*WORK REQUEST*. Copy nothing from the entries below except the lines from the one containing "Pierre Cardin Jeans" through the one containing "230 Old Sale", and copy those exactly.

◇ ◇ ◇ ◇ ◇

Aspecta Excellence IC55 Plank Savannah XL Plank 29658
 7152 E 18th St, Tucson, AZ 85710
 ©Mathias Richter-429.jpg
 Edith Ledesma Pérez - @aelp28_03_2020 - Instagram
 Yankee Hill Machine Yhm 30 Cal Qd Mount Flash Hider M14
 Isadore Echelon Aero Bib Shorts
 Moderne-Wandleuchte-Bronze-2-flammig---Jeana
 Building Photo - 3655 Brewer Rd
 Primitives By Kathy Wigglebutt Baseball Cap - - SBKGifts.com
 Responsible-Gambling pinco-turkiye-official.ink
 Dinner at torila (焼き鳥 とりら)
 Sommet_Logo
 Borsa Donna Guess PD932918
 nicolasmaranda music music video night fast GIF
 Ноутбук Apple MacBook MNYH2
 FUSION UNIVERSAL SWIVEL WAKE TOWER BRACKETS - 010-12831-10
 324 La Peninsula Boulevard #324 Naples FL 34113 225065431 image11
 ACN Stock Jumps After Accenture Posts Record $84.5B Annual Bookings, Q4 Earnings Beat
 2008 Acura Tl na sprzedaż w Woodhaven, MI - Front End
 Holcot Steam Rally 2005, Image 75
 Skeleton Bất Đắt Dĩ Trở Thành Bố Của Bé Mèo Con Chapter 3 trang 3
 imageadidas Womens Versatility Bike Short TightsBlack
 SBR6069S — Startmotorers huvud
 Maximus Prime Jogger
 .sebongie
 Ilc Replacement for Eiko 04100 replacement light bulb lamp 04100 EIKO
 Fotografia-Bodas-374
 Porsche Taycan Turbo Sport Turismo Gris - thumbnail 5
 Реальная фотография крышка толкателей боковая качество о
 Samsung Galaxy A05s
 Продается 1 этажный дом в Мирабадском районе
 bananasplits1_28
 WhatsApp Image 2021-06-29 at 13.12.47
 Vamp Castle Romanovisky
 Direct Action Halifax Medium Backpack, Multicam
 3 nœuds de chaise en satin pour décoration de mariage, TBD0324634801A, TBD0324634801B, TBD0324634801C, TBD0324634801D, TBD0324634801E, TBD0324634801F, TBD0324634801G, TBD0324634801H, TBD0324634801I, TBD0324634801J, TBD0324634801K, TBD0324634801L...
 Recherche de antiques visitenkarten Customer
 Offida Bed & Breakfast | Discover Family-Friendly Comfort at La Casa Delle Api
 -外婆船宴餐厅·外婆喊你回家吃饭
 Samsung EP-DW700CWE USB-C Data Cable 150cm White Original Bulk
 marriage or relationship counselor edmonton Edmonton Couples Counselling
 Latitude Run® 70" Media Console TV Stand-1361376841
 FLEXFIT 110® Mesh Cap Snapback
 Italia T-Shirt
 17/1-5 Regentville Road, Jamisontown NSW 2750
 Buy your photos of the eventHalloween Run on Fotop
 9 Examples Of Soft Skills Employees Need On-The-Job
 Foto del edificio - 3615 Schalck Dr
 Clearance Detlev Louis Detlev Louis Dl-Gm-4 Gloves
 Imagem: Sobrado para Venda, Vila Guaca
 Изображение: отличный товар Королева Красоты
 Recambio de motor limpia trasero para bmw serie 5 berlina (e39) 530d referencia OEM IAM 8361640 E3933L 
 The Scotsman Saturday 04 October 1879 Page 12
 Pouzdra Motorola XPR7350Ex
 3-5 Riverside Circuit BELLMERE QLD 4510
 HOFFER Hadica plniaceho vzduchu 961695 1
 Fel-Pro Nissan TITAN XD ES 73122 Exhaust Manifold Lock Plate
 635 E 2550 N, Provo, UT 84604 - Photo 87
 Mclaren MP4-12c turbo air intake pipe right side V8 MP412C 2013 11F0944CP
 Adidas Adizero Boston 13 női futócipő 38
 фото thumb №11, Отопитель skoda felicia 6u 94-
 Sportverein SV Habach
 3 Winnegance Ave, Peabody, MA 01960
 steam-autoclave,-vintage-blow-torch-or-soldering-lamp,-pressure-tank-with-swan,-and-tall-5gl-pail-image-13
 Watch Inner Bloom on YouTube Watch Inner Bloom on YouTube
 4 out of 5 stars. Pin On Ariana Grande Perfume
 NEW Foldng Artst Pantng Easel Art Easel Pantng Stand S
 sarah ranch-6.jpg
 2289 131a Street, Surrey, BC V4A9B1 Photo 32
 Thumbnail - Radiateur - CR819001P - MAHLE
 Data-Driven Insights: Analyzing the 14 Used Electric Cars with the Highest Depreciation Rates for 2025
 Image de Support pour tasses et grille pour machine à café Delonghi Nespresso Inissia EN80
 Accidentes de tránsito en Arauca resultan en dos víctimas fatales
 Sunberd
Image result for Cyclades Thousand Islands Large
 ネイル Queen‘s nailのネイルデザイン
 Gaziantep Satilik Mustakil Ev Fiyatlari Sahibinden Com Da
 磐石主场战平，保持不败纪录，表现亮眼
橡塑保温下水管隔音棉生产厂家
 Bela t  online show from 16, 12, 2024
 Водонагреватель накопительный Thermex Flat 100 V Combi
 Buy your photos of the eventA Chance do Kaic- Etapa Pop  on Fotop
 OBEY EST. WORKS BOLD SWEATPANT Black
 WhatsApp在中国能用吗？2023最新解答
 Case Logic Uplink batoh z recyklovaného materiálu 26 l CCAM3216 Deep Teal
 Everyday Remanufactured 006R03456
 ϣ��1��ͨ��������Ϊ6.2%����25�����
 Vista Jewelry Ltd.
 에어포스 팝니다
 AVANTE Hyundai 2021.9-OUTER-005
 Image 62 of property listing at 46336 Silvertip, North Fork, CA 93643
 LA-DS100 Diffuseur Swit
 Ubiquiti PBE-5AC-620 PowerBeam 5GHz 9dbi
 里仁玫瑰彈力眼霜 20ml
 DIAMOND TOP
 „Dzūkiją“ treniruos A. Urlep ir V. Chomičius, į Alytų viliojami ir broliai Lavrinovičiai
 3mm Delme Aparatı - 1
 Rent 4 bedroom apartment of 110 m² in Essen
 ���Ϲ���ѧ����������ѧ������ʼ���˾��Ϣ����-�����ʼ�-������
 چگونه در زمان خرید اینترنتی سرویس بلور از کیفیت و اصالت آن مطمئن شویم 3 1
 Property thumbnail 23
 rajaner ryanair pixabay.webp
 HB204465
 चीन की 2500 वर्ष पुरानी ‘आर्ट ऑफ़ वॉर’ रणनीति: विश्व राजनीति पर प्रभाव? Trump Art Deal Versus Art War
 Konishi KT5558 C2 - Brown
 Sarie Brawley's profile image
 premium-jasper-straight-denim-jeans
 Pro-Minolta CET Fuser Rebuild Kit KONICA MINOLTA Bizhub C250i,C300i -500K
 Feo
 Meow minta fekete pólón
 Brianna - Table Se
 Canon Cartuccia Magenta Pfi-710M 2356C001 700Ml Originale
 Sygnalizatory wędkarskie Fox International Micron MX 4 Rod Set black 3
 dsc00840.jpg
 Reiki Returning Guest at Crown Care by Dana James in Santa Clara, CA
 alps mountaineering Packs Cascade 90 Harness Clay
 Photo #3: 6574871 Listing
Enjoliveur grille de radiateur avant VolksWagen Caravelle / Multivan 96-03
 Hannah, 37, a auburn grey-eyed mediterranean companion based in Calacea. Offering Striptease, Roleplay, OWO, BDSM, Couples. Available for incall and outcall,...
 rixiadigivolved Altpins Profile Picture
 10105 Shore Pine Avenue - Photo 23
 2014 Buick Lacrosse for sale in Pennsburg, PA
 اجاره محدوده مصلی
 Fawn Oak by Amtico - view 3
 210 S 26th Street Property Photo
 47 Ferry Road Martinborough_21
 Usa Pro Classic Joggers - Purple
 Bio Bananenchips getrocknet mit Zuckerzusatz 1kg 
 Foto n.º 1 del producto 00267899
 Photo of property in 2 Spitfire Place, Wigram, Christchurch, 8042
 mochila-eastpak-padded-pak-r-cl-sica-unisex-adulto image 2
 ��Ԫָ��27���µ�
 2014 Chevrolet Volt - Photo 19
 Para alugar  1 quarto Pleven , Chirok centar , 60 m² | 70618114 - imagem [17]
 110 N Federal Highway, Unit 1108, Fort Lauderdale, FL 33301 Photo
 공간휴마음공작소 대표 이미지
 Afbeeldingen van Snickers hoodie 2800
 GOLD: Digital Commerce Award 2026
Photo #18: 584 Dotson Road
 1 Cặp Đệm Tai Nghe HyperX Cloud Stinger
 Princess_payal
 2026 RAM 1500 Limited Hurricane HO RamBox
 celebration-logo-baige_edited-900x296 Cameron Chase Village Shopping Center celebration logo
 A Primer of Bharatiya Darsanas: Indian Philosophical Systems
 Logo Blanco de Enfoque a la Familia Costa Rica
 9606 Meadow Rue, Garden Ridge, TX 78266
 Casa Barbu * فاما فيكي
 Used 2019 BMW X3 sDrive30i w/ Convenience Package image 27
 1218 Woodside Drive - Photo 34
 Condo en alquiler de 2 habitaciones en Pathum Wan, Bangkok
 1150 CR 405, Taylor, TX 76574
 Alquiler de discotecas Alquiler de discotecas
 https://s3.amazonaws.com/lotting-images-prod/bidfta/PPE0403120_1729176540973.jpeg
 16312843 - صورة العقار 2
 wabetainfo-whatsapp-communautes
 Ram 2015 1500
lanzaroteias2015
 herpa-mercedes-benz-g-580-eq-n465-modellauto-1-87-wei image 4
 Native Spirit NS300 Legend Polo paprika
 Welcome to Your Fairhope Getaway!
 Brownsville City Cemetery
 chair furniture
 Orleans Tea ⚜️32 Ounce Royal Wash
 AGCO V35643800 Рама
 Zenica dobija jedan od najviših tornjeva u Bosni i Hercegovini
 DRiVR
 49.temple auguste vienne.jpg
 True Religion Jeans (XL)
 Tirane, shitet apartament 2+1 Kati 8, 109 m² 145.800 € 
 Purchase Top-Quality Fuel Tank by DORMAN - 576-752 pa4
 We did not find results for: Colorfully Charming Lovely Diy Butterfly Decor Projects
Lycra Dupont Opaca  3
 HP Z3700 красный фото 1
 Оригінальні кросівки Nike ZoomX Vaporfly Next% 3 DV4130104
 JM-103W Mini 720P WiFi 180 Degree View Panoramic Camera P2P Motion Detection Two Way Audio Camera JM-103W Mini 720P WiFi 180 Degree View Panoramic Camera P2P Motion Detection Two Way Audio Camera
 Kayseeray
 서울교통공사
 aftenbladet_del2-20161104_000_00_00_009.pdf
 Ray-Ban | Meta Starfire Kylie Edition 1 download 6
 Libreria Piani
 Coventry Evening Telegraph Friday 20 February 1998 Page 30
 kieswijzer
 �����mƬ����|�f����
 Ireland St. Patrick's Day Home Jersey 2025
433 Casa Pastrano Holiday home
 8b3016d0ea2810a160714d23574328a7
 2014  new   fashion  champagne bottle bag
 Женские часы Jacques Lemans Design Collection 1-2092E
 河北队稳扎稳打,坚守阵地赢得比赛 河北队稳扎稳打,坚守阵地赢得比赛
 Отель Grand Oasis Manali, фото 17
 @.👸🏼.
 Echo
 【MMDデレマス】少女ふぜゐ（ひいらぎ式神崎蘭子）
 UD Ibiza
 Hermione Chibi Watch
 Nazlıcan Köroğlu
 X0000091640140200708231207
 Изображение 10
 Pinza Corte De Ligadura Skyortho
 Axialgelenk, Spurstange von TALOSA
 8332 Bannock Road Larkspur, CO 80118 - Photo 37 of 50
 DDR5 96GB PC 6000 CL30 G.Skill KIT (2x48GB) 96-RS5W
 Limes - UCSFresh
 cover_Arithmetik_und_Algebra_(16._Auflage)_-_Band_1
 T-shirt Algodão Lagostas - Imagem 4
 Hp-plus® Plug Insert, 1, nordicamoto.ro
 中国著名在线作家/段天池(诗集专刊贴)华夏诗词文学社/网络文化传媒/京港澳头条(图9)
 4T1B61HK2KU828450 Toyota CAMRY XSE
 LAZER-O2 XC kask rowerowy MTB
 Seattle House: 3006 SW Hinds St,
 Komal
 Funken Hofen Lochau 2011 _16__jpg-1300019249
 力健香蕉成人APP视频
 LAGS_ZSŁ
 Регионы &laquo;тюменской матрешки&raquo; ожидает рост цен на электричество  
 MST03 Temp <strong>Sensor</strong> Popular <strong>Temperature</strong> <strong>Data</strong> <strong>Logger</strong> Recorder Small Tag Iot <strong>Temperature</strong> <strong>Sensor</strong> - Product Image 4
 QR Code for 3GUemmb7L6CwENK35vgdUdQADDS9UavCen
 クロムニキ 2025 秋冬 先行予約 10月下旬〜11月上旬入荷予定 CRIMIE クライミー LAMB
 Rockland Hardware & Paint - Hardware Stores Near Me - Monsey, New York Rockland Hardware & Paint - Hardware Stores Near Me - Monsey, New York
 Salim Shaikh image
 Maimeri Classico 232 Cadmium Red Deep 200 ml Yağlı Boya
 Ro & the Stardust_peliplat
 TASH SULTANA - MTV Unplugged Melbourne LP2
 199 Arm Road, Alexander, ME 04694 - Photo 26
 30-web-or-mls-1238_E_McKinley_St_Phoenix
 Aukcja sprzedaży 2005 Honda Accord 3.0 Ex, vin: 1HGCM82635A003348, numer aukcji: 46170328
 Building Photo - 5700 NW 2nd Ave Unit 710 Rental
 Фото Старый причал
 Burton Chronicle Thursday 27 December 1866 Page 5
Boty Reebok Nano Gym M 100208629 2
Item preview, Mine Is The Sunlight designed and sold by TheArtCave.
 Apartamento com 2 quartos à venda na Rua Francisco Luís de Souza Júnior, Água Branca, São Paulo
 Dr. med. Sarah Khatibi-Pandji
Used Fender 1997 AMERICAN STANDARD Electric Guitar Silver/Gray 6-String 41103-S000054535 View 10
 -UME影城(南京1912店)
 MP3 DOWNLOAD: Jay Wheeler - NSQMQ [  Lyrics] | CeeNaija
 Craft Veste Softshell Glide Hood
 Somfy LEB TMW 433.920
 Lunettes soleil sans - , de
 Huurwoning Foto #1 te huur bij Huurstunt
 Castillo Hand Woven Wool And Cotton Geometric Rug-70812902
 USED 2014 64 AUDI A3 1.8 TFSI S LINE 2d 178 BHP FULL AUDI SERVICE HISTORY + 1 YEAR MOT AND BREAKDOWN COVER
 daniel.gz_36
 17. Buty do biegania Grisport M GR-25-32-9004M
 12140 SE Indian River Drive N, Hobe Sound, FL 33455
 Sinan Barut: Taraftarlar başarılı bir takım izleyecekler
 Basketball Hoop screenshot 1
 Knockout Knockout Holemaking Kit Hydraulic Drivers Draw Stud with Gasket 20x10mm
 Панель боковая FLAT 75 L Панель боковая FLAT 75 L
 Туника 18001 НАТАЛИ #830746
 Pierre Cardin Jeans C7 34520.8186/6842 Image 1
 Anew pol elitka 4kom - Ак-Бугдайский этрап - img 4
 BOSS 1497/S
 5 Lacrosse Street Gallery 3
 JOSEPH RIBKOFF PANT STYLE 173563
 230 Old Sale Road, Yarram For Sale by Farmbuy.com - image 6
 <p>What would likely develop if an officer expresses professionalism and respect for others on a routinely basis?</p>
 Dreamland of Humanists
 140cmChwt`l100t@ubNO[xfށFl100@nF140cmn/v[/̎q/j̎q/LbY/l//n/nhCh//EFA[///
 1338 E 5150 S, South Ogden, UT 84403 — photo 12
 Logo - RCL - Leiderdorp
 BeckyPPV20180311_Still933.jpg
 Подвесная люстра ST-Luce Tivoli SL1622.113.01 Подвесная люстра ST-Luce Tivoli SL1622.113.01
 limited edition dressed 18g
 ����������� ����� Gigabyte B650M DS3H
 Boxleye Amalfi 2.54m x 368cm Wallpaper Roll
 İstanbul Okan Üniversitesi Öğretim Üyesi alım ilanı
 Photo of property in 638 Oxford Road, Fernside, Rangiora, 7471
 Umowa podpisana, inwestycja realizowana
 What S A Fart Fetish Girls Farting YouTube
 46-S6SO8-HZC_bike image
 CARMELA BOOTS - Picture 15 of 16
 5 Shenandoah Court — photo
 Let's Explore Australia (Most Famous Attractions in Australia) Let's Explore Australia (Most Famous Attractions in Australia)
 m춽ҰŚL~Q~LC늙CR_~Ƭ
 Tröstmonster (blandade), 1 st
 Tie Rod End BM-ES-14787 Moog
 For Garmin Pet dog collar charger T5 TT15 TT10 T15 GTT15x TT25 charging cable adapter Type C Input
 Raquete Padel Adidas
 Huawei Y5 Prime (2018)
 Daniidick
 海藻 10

◇ ◇ ◇ ◇ ◇

*RESPONSE TO THE EXERCISE*.
 Pierre Cardin Jeans C7 34520.8186/6842 Image 1
 Anew pol elitka 4kom - Ак-Бугдайский этрап - img 4
 BOSS 1497/S
 5 Lacrosse Street Gallery 3
 JOSEPH RIBKOFF PANT STYLE 173563
 230 Old Sale Road, Yarram For Sale by Farmbuy.com - image 6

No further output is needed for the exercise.